Your output should be the lines below from the one with "Σπύρος Μπιμπίλας: Ο" through the one with "Photo of Patio", copied exactly, pictures excluded.
#### Records shown
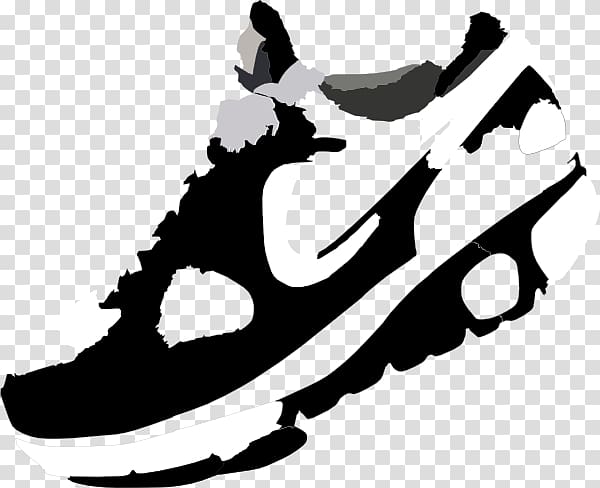 Air Force Nike Sneakers , Shoes transparent background PNG clipart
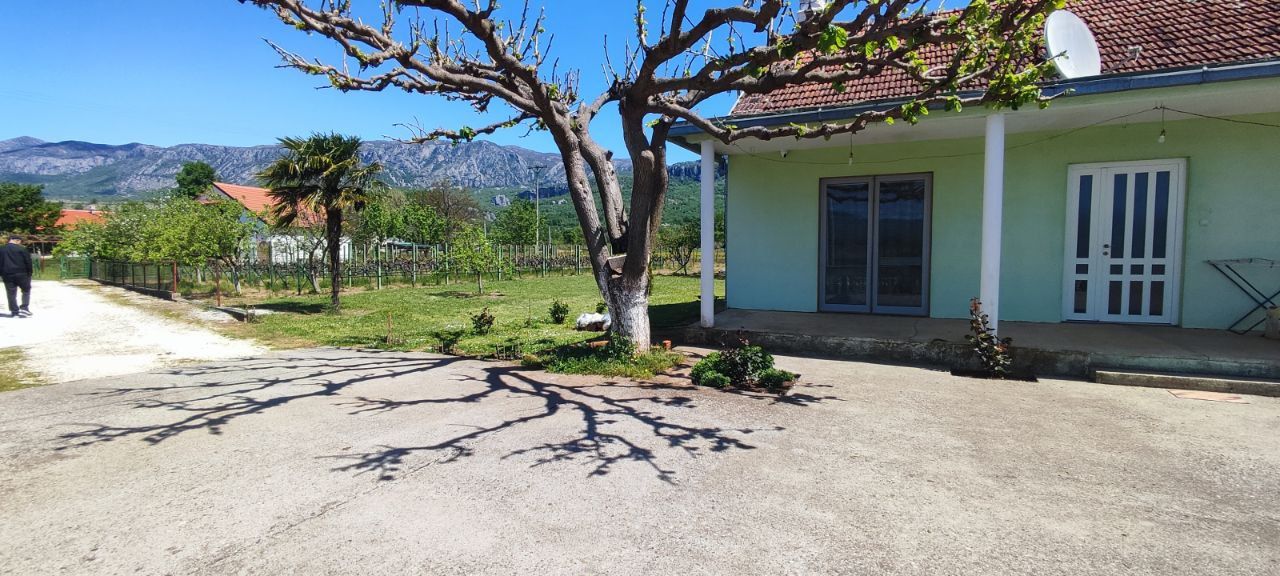 Haus in Danilovgrad, Montenegro, 500 m² - Foto 11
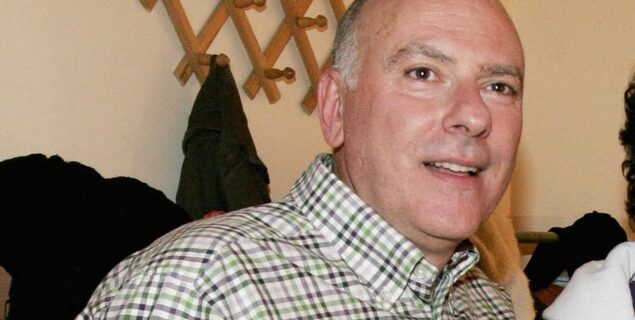 Σπύρος Μπιμπίλας: Ο Χρήστος Σιμαρδάνης έπασχε από καρκίνο του εγκεφάλου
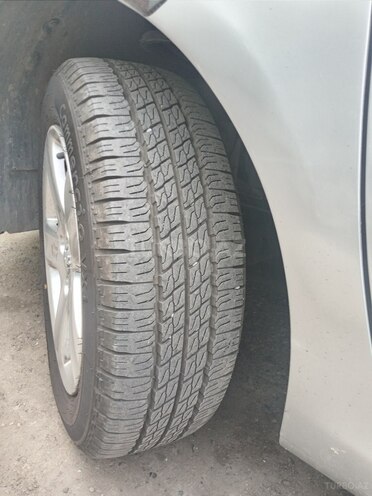 Peugeot 307 2004, 340,000 km - 1.6 l - Bakı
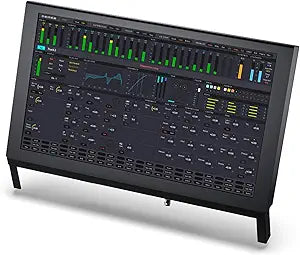 Blackmagic Design DV/RESFA/LCDMCS Fairlight Console LCD Monitor — main product image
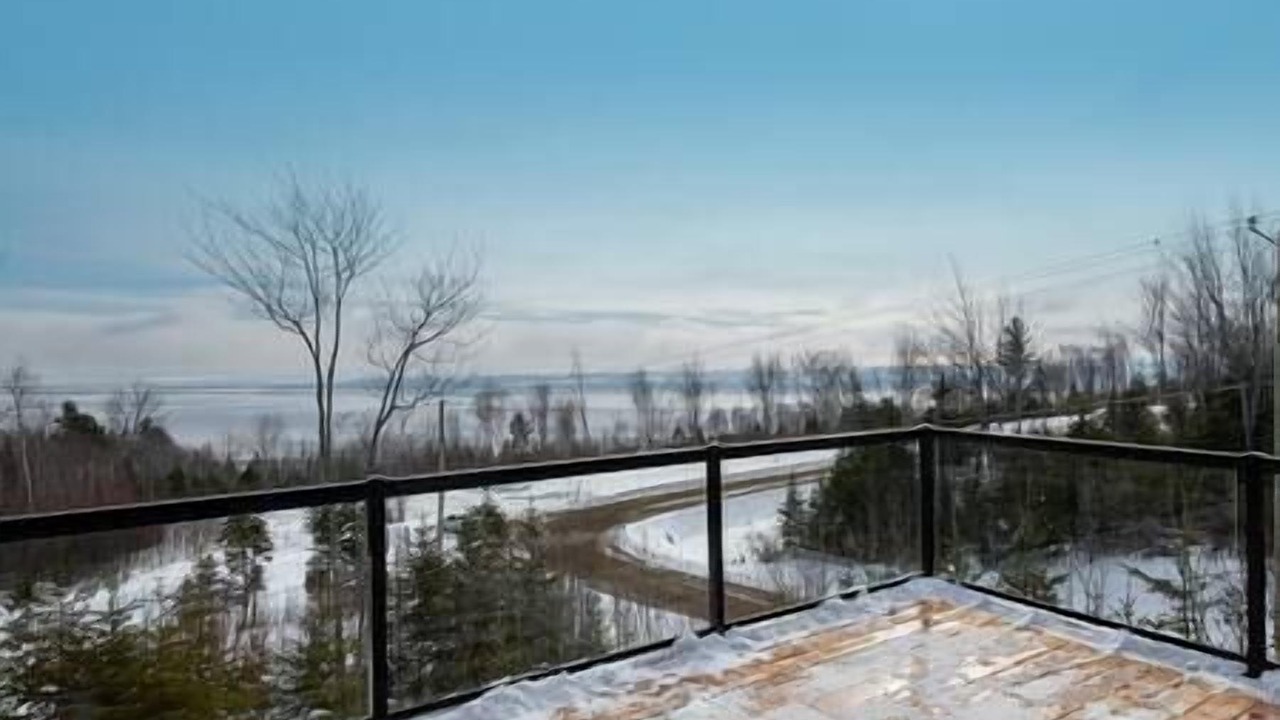 Photo of Patio Balcony in Saint-Joseph-de-la-Rive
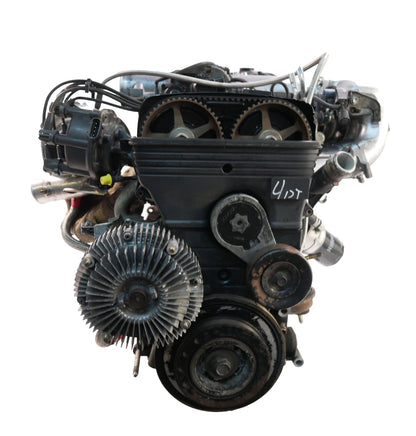 Moteur pour Toyota 3,0 Single Turbo 2JZ-GE 2JZ 19000-46110 d'occasion - Moteur Auto Usagé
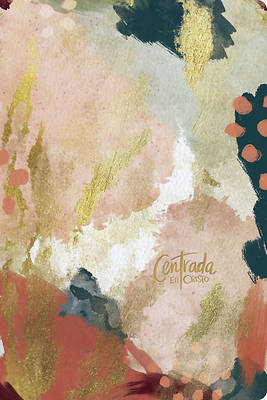 Picture of NVI Biblia Centrada En Cristo, Matizada Símil Piel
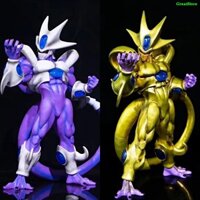 [ Sẵn ] Mô hình Dragon ball Cooler Dragon ball action Figure 32 cm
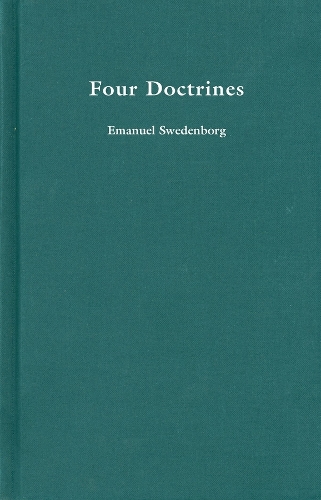 Four Doctrines: Volume 22 With the Nine Questions(REDESIGNED STANDARD EDITION)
########
● **Reply to the exercise**
 Σπύρος Μπιμπίλας: Ο Χρήστος Σιμαρδάνης έπασχε από καρκίνο του εγκεφάλου
 Peugeot 307 2004, 340,000 km - 1.6 l - Bakı
 Blackmagic Design DV/RESFA/LCDMCS Fairlight Console LCD Monitor — main product image
 Photo of Patio Balcony in Saint-Joseph-de-la-Rive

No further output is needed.